## Requirement:
Reproduce every entry exactly and leave its pictures out.

------------------------

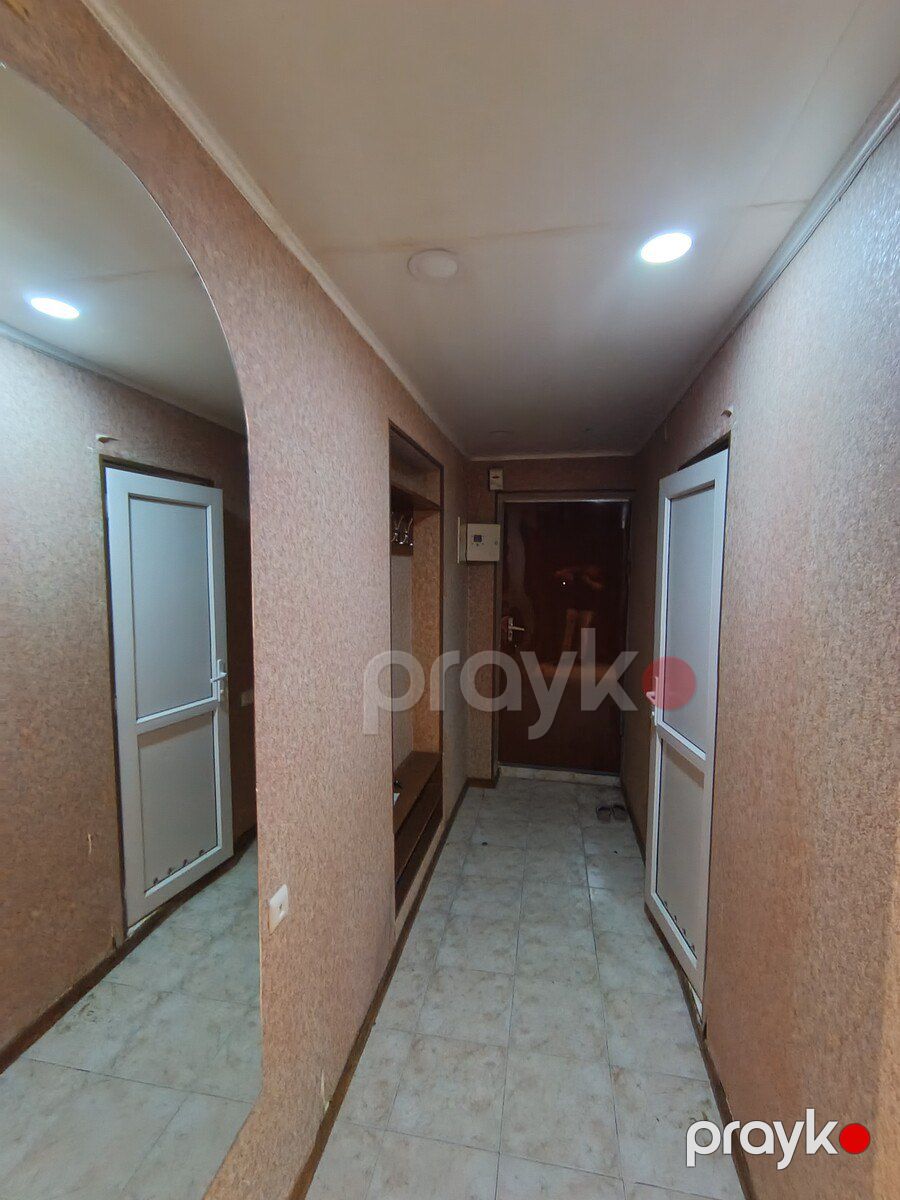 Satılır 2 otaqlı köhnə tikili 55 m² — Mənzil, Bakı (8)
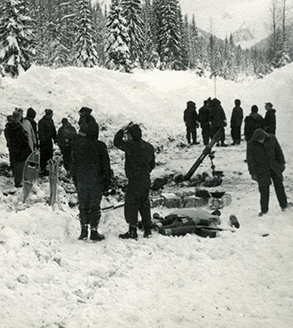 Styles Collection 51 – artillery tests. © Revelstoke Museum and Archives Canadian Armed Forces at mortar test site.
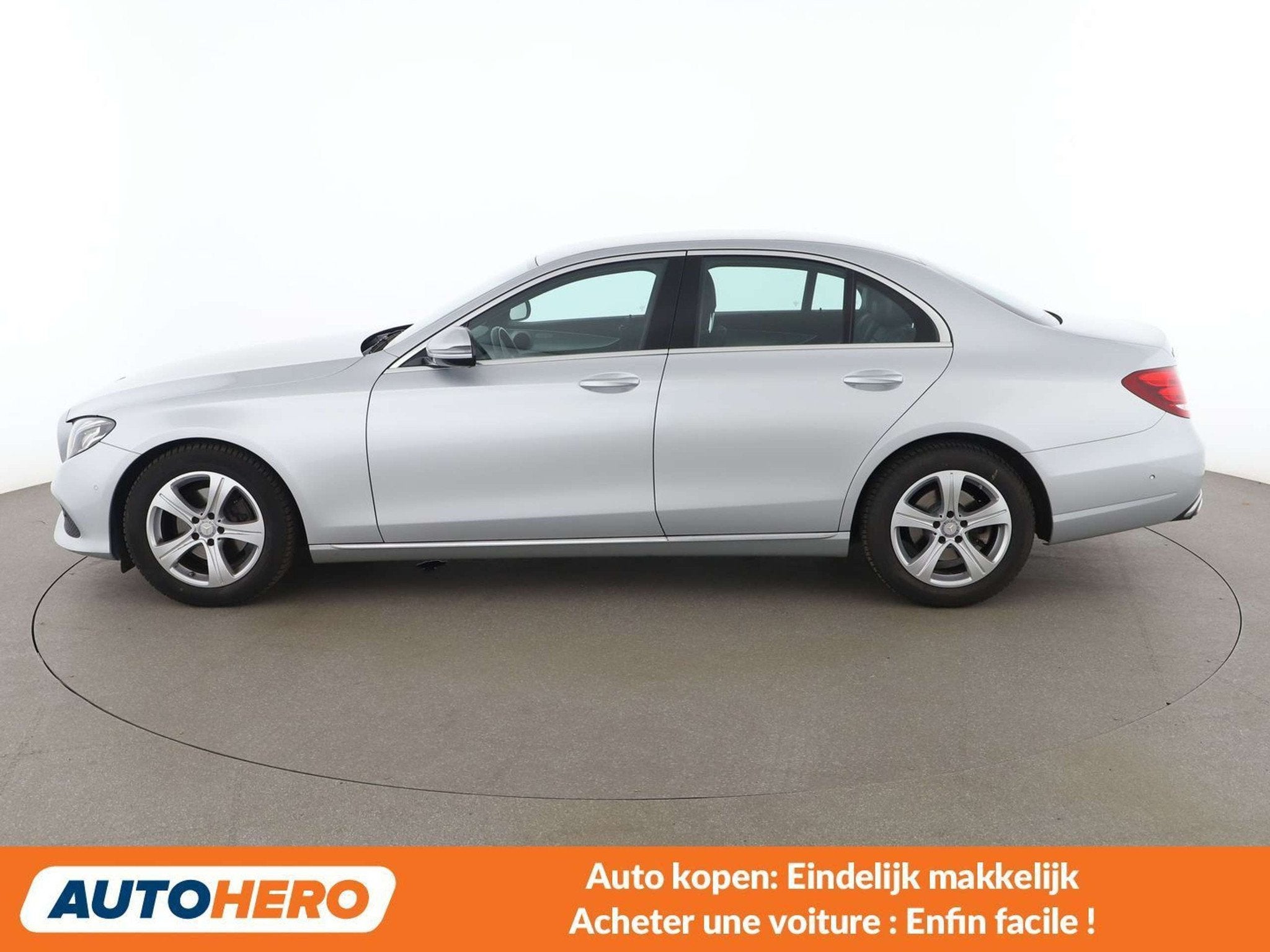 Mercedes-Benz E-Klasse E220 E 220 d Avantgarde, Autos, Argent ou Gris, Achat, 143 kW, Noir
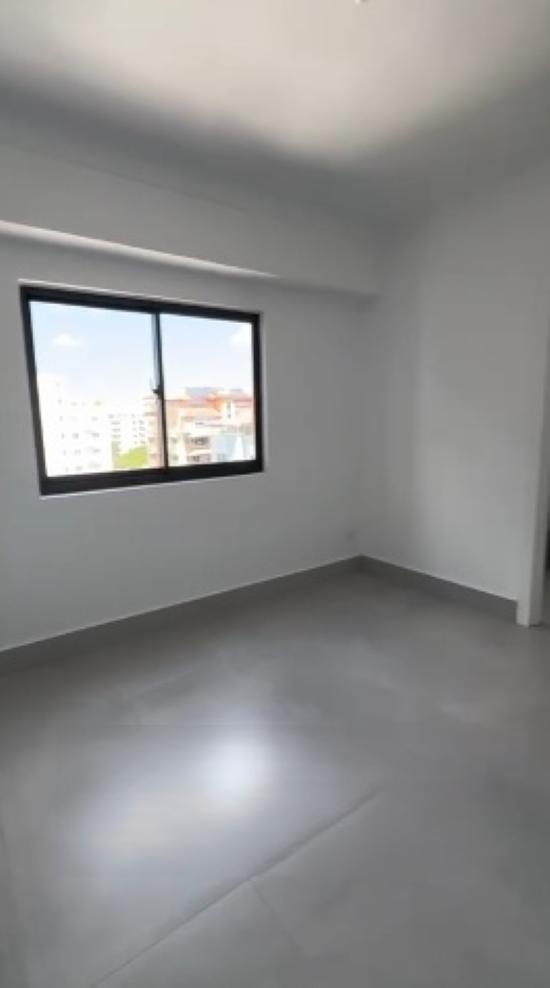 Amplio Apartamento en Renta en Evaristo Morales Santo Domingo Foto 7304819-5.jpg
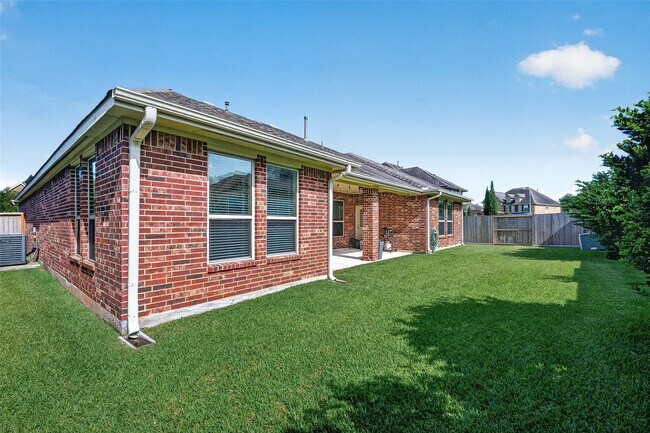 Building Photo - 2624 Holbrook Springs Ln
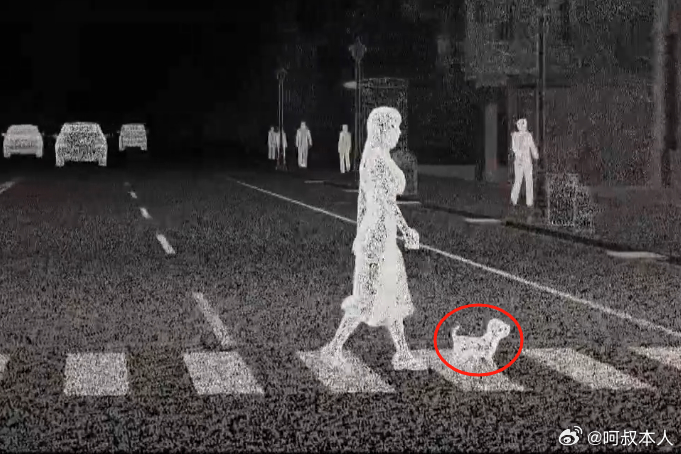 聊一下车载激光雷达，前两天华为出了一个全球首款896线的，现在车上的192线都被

------------------------

## Exercise solution:
 Satılır 2 otaqlı köhnə tikili 55 m² — Mənzil, Bakı (8)
 Styles Collection 51 – artillery tests. © Revelstoke Museum and Archives Canadian Armed Forces at mortar test site.
 Mercedes-Benz E-Klasse E220 E 220 d Avantgarde, Autos, Argent ou Gris, Achat, 143 kW, Noir
 Amplio Apartamento en Renta en Evaristo Morales Santo Domingo Foto 7304819-5.jpg
 Building Photo - 2624 Holbrook Springs Ln
 聊一下车载激光雷达，前两天华为出了一个全球首款896线的，现在车上的192线都被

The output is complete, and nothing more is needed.